-- Brief --
Write out only the lines from the line that holds "Absolute Toner CALCA" to the end of the listing below, inclusive, with the pictures omitted.

-------------------------

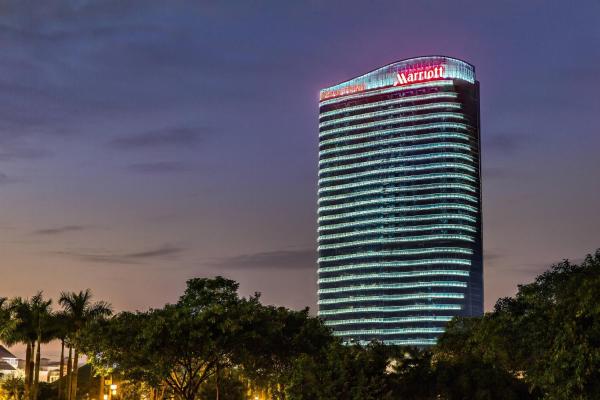Shunde Marriott Hotel, Buchen Sie Hotel Hotels mit Pool in Shunde, Schwimmbad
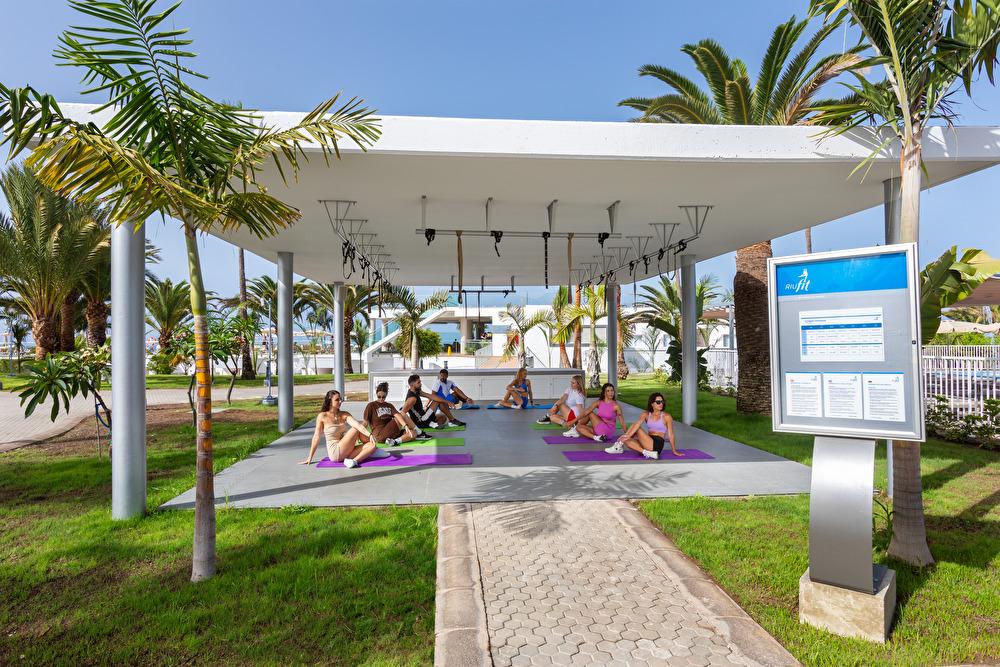 Hotel Riu Gran Canaria マスパロマス エクステリア 写真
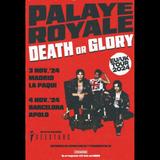 Concierto de Palaye Royale en Barcelona Dilluns 4 Novembre 2024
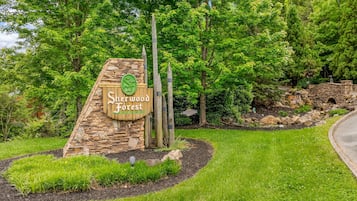Parco della struttura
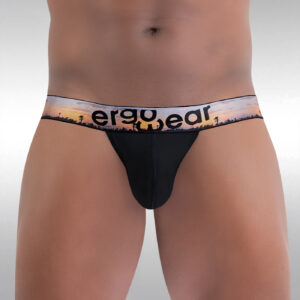 MAX SE Jockstrap - Black/Sunset - Image 3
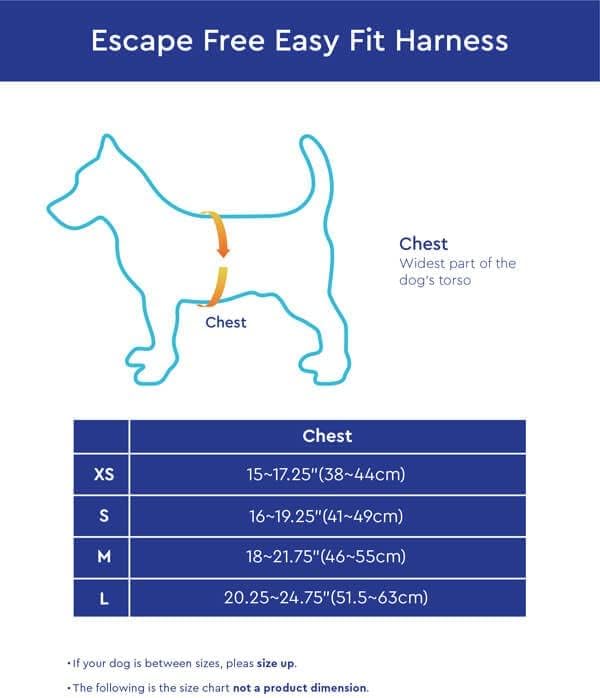 Gooby Escape Free Easy Fit Dog Harness - Image 3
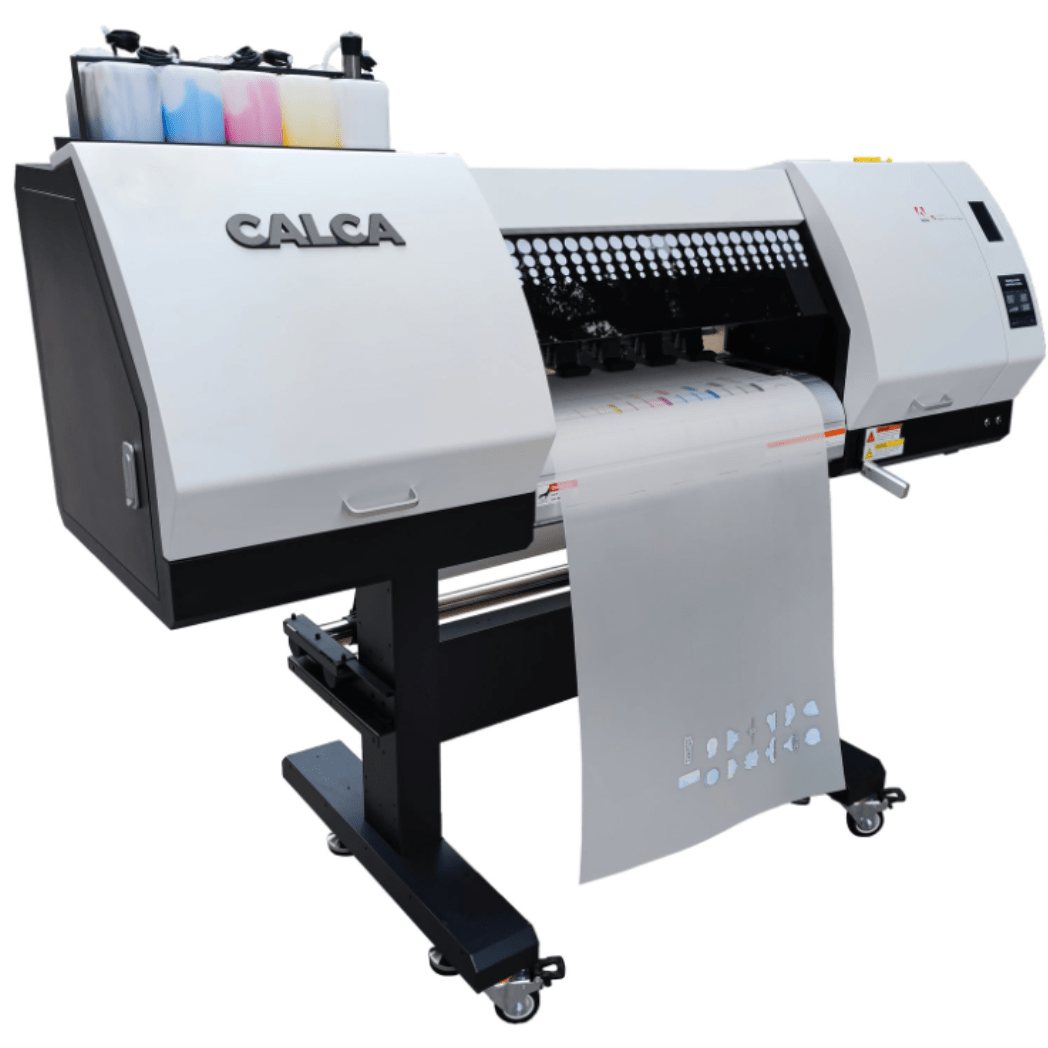 Absolute Toner CALCA ProUltra24 II 24inch (600mm) DTF Printer (Direct to Film Printer) with Dual Epson I3200-A1 Printheads DTF printer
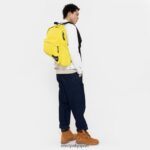 Eastpak JPRZL23 バックパック 滴るパックル mm6 イエロー 緑 - 画像 (4)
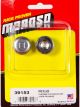 Moroso Fitting - Plug - 1/2 in NPT - Allen Head - Steel - Chrome - Pair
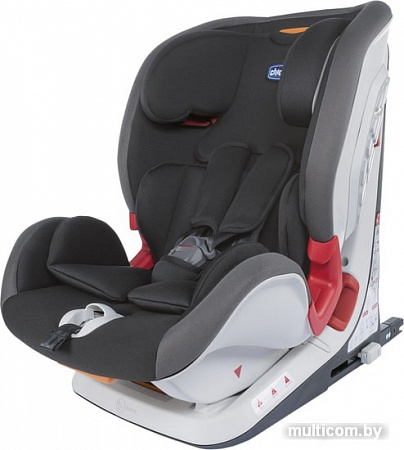 Автокресло Chicco YOUniverse Fix (jet black)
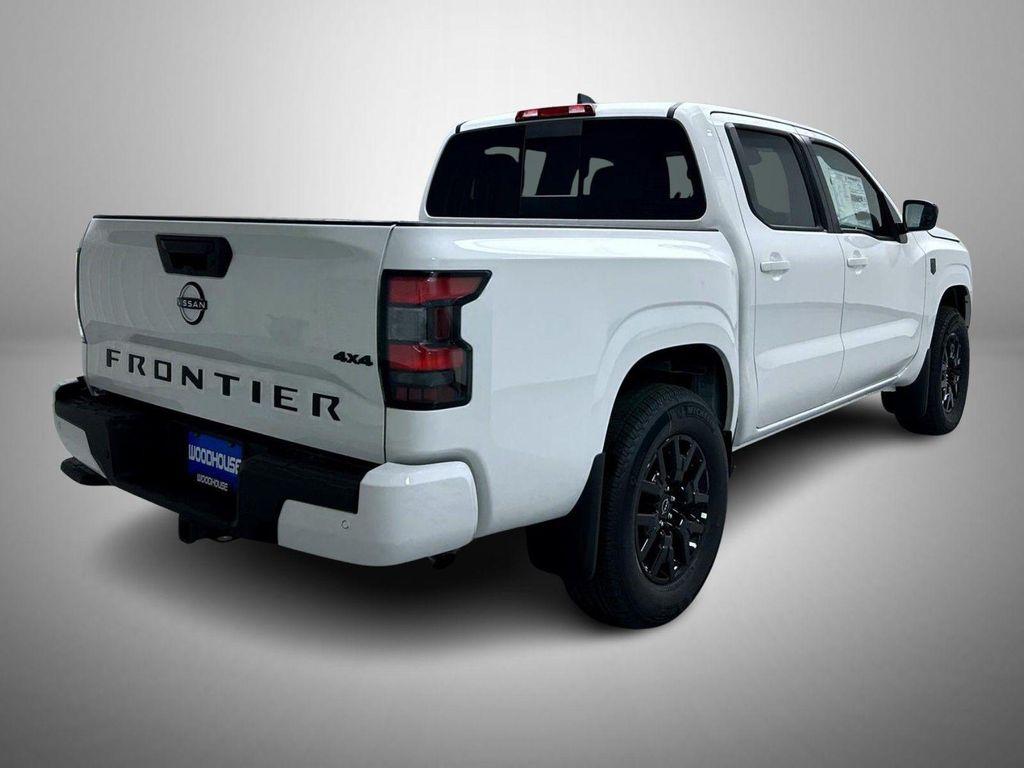 new 2026 Nissan Frontier car, priced at $40,793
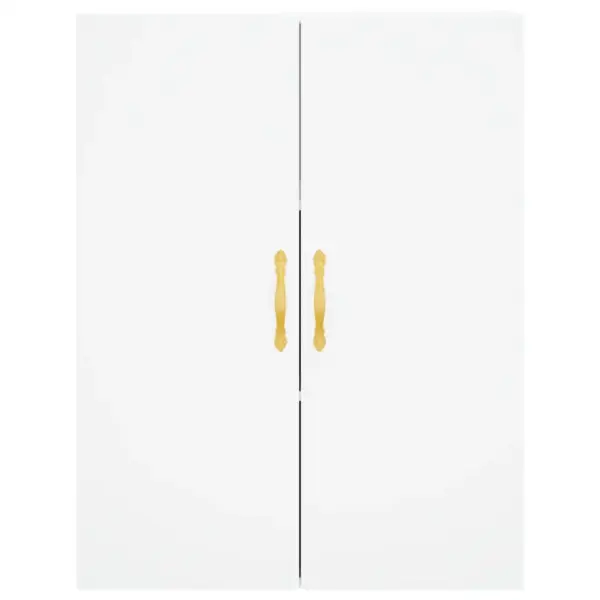 Valge kõrge kapp metalljalgadel, tehispuit, 69,5 x 34 x 180 cm – 6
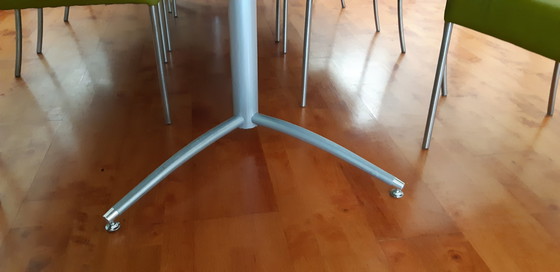 Image 1 of Esszimmergarnitur Bert Plantagie 8 Stühle & Artifort Tisch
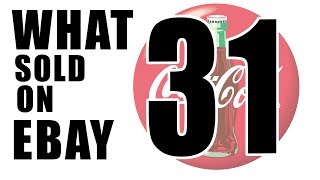 What I SOLD on Ebay this week! Vintage Coca-Cola Edition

-------------------------

-- Final answer --
 Absolute Toner CALCA ProUltra24 II 24inch (600mm) DTF Printer (Direct to Film Printer) with Dual Epson I3200-A1 Printheads DTF printer
 Eastpak JPRZL23 バックパック 滴るパックル mm6 イエロー 緑 - 画像 (4)
 Moroso Fitting - Plug - 1/2 in NPT - Allen Head - Steel - Chrome - Pair
 Автокресло Chicco YOUniverse Fix (jet black)
 new 2026 Nissan Frontier car, priced at $40,793
 Valge kõrge kapp metalljalgadel, tehispuit, 69,5 x 34 x 180 cm – 6
 Image 1 of Esszimmergarnitur Bert Plantagie 8 Stühle & Artifort Tisch
 What I SOLD on Ebay this week! Vintage Coca-Cola Edition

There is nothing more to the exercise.